Die Baupreise geraten durch geopolitische Spannungen und volatile Energiemärkte zunehmend unter Druck. Vor allem die Entwicklungen rund um den Persischen Golf wirken sich direkt auf Rohölpreise, Transportketten und damit auf zentrale Baustoffe aus. Für Bauunternehmen und Auftraggeber verschärft sich die Kalkulationsunsicherheit erheblich – mit direkten Folgen für Ausschreibungen und Vertragsmodelle.
Ölmarktkrise verschärft Kalkulationsrisiken
Die Lage am Erdölmarkt gilt aktuell als kritisch: Steigende Rohölpreise und eingeschränkte Transportwege führen zu Engpässen bei Erdölderivaten und zahlreichen Folgeprodukten. Diese Entwicklung trifft die Bauwirtschaft unmittelbar. Viele Baustofflieferanten verrechnen zusätzlich zu steigenden Materialkosten bereits Treibstoff- und Energiekostenzuschläge.
Die Folgen sind gravierend. Angebotspreise lassen sich zunehmend schwer belastbar kalkulieren, was Unternehmen dazu zwingt, erhebliche Risiken in ihre Angebote einzupreisen. „Die kumulierten Unsicherheiten der Kostenentwicklung führen bei Bauprojekten vielfach zu kaum kalkulierbaren Angebotspreisen“, wird aus Fachkreisen betont. Besonders problematisch ist dies bei Festpreisverträgen, aber auch bei Modellen mit veränderlichen Preisen, sofern die zugrunde liegenden Preisumrechnungsmechanismen nicht zur tatsächlichen Marktentwicklung passen.
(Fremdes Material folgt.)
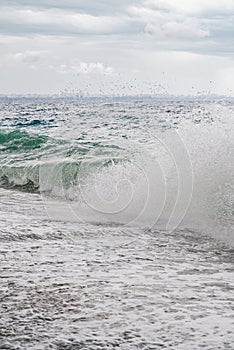 big waves hitting the Konyaalti coast on a stormy day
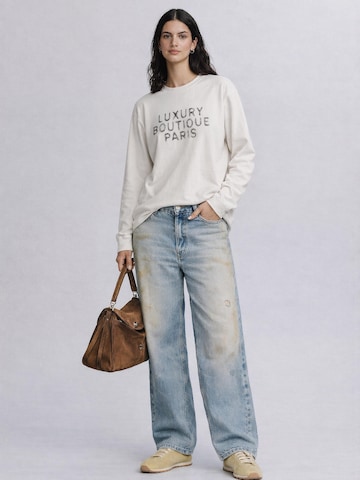 Mansour Shirts 'Mansour Luxury Boutique' i hvid: forside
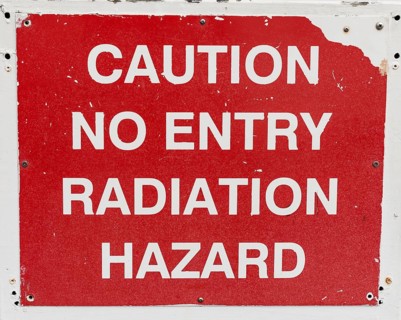 Lettering Caution no entry radiation hazard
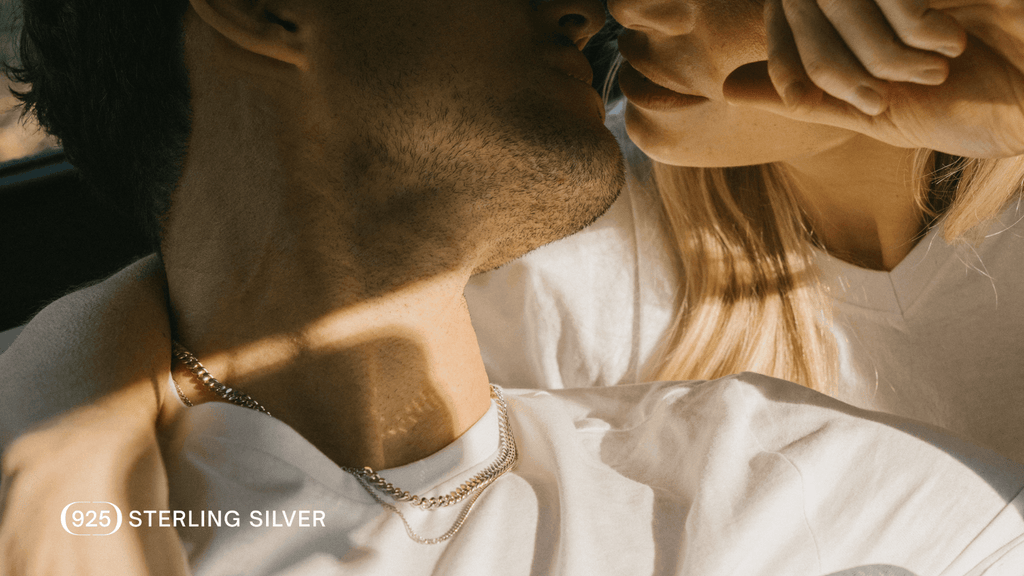 Man leans it to kiss girl. An unclose shot reveals the allure of his premium Sterling Silver Jewellery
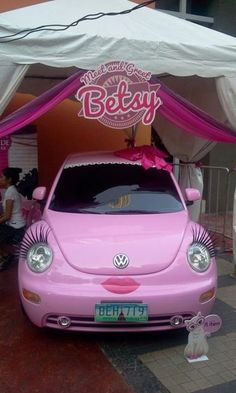 a pink car is parked under a canopy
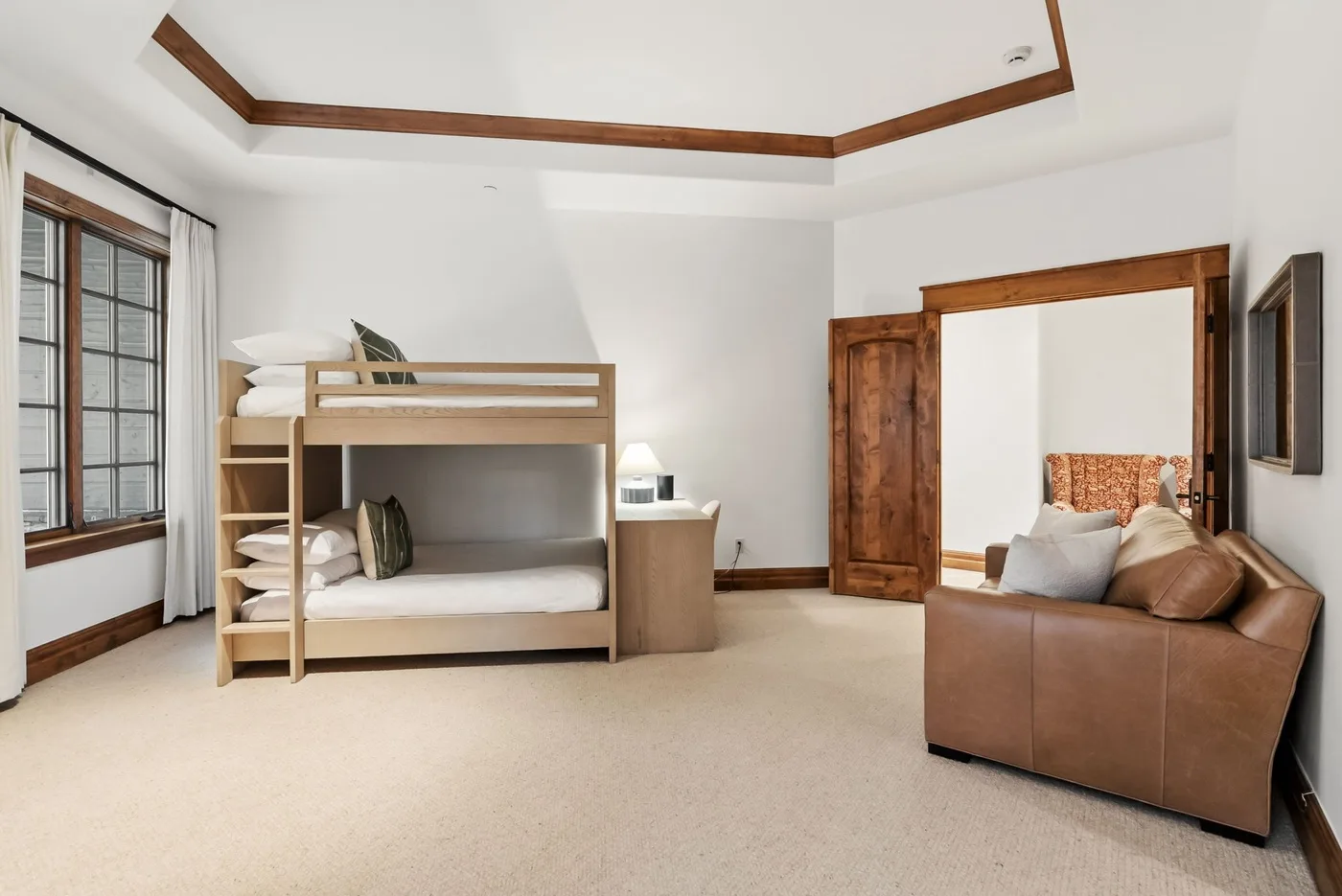 A bright bedroom with a wooden bunk bed and a brown sofa.
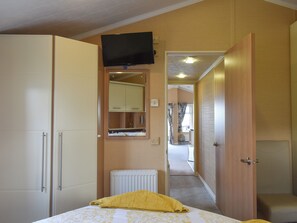 Ein Schlafzimmer mit Bett, Kleiderschrank, Spiegel, Fernseher und Heizkörper.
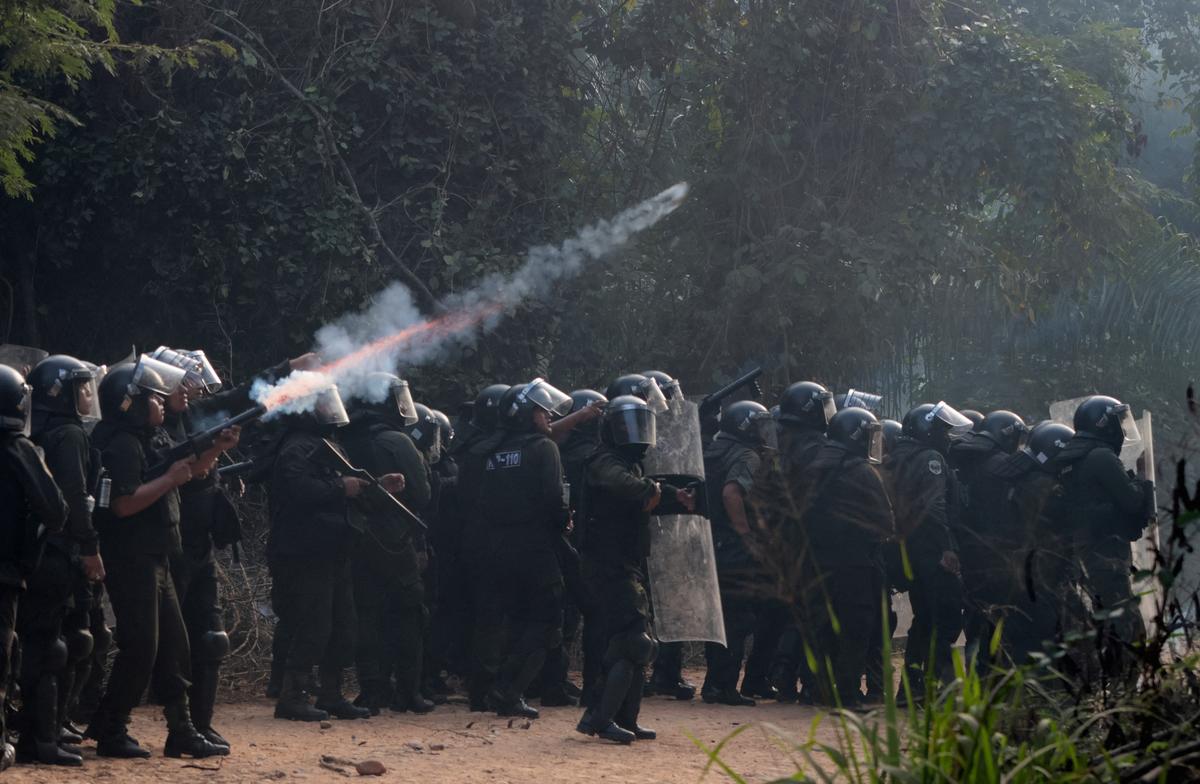 Police officers fire tear gas while clashing with community members who seized the Humberto Suarez oil facility to call for the resignation of President Rodrigo Paz, as ongoing protests have led to shortages of fuel and food, in Santa Rosa del Sara, Bolivia, June 3, 2026. REUTERS/Ipa Ibanez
In beiden Fällen kann der wirtschaftliche Bestand ausführender Unternehmen gefährdet sein.
Variable Preise und passende Indizes entscheidend
Vor diesem Hintergrund rückt die Gestaltung von Ausschreibungen stärker in den Fokus. Bauaufträge sollten konsequent mit veränderlichen Preisen ausgeschrieben, angeboten und abgerechnet werden, um die Dynamik der Kostenentwicklung realistisch abzubilden. Ebenso zentral ist die Wahl einer sachgerechten Preisumrechnungsgrundlage, die möglichst gewerkspezifisch erfolgt und die tatsächlichen Kostenstrukturen einzelner Leistungsteile berücksichtigt. Wo sinnvoll, empfiehlt sich eine getrennte Betrachtung einzelner Leistungsbereiche, um Preisentwicklungen differenziert abbilden zu können.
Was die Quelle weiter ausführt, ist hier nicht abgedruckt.